Explaining Low Energy $\gamma$-ray Excess from the Galactic Centre using a Two Component Dark Matter Model

TL;DR

This paper proposes a two-component dark matter model with a complex scalar and Dirac fermion to explain the gamma-ray excess observed near the Galactic Centre, aligning with experimental bounds and astrophysical observations.

Contribution

It introduces a novel two-component dark matter framework stabilized by a U(1) gauge symmetry to account for the gamma-ray excess from the Galactic Centre.

Findings

The model explains the gamma-ray excess with dark matter particles of 30-40 GeV mass.

It satisfies constraints from LHC, PLANCK, and LUX experiments.

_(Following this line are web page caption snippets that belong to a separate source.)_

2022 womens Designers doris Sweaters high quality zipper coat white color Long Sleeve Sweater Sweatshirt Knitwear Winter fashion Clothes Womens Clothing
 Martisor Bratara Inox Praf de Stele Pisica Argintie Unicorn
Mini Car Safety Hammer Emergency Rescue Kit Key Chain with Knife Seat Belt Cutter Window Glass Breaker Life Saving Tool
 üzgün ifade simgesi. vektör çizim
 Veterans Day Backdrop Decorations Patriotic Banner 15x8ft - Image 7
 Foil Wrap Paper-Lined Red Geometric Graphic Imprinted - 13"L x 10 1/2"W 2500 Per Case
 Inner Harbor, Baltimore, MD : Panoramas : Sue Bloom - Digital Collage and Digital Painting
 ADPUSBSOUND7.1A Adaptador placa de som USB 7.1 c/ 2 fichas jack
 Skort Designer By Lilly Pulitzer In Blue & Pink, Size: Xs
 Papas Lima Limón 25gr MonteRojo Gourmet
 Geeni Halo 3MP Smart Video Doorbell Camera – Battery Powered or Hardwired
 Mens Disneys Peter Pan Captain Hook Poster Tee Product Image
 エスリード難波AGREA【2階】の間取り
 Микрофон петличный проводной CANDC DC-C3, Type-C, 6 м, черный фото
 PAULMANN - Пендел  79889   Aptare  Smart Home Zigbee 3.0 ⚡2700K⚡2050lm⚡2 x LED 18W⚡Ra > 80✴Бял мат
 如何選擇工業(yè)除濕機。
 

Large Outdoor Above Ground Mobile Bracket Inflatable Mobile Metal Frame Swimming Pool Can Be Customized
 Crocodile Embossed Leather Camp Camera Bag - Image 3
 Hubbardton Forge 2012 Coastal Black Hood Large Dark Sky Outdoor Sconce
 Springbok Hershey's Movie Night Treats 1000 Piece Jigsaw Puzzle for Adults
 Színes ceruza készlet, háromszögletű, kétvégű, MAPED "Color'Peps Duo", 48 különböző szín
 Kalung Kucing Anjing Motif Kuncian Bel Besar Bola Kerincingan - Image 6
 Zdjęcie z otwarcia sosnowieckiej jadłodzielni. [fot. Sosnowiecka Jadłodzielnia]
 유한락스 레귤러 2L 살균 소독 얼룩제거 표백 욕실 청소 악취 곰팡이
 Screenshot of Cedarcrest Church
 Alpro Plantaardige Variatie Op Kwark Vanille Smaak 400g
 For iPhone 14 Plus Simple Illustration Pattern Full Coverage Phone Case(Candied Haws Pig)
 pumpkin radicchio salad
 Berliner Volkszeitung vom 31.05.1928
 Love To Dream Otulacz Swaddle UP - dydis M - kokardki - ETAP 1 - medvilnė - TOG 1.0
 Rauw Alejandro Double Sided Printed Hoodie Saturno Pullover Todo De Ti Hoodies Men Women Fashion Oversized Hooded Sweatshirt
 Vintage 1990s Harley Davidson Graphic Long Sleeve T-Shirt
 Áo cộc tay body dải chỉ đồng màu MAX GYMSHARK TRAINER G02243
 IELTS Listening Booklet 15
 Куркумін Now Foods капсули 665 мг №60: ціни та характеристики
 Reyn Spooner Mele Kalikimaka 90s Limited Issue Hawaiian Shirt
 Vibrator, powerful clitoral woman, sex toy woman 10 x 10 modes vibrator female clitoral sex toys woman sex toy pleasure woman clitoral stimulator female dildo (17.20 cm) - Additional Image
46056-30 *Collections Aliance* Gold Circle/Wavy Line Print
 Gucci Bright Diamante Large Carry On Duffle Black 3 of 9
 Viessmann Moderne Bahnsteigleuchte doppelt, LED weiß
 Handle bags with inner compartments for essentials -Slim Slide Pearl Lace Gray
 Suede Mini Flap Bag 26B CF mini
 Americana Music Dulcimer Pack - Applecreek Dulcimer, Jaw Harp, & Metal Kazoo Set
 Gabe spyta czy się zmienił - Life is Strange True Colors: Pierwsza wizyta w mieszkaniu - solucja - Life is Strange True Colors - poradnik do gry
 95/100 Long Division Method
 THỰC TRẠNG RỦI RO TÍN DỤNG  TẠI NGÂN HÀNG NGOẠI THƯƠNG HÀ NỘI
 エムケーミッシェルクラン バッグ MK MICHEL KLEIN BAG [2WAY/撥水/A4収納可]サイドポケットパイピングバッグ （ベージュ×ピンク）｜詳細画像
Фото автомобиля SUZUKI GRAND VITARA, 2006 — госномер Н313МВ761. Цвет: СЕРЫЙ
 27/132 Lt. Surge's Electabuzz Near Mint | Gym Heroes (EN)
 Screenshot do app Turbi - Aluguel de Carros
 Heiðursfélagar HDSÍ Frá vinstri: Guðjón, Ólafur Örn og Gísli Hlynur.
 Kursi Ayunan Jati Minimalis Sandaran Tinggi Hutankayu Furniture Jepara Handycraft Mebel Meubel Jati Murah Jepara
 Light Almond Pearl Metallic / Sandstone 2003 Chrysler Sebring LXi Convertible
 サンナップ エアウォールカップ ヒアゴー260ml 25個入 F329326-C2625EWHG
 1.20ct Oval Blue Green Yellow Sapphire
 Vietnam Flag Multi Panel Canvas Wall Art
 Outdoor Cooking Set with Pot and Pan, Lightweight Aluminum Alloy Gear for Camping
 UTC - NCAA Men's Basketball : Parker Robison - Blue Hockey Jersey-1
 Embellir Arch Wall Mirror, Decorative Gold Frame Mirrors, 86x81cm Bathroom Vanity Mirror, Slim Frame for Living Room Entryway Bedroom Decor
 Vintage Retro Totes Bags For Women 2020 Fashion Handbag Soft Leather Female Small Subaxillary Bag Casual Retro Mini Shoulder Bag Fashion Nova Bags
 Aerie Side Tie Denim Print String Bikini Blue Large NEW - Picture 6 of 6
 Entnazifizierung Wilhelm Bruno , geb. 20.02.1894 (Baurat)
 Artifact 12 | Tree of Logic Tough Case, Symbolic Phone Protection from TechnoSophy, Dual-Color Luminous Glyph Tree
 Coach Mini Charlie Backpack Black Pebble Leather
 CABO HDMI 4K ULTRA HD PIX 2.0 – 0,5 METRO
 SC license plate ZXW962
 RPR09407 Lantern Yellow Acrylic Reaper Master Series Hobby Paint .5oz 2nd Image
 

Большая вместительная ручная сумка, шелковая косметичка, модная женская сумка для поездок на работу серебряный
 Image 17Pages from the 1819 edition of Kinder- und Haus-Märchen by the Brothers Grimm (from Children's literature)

The effective annihilation cross section aligns with Fermi-LAT and DES limits.

Abstract

Over the past few years, there has been a hint of the $\gamma$-ray excess observed by the Fermi-LAT satellite borne telescope from the regions surrounding the Galactic Centre at an energy range $\sim 1$-$3$ GeV. The nature of this excess $\gamma$-ray spectrum is found to be consistent with the $\gamma$-ray emission expected from dark matter annihilation at the Galactic Centre while disfavouring other known astrophysical sources as the possible origin of this phenomena. It is also reported that the spectrum and morphology of this excess $\gamma$-rays can well be explained by the dark matter particles having mass in the range $30\sim 40$ GeV annihilating significantly into ${\rm b} \bar{\rm b}$ final state with an annihilation cross section $\sigma {\rm v}\sim (1.4$ - $2.0)\times 10^{-26}$ cm$^3/$s at the Galactic Centre. In this work, we propose a two component dark matter model where two different types of dark matter particles namely a complex scalar and a Dirac fermion are considered. The stability of both the dark sector particles are maintained by virtue of an additional local U$(1)_{\rm X}$ gauge symmetry. We find that our proposed scenario can provide a viable explanation for this anomalous excess $\gamma$-rays besides satisfying all the existing relevant theoretical as well as experimental and observational bounds from LHC, PLANCK and LUX collaborations. The allowed range of "effective annihilation cross section" of lighter dark matter particle for the ${\rm b} \bar{\rm b}$ annihilation channel thus obtained, is finally compared with the limits reported by the Fermi-LAT and DES collaborations using data from various dwarf spheroidal galaxies.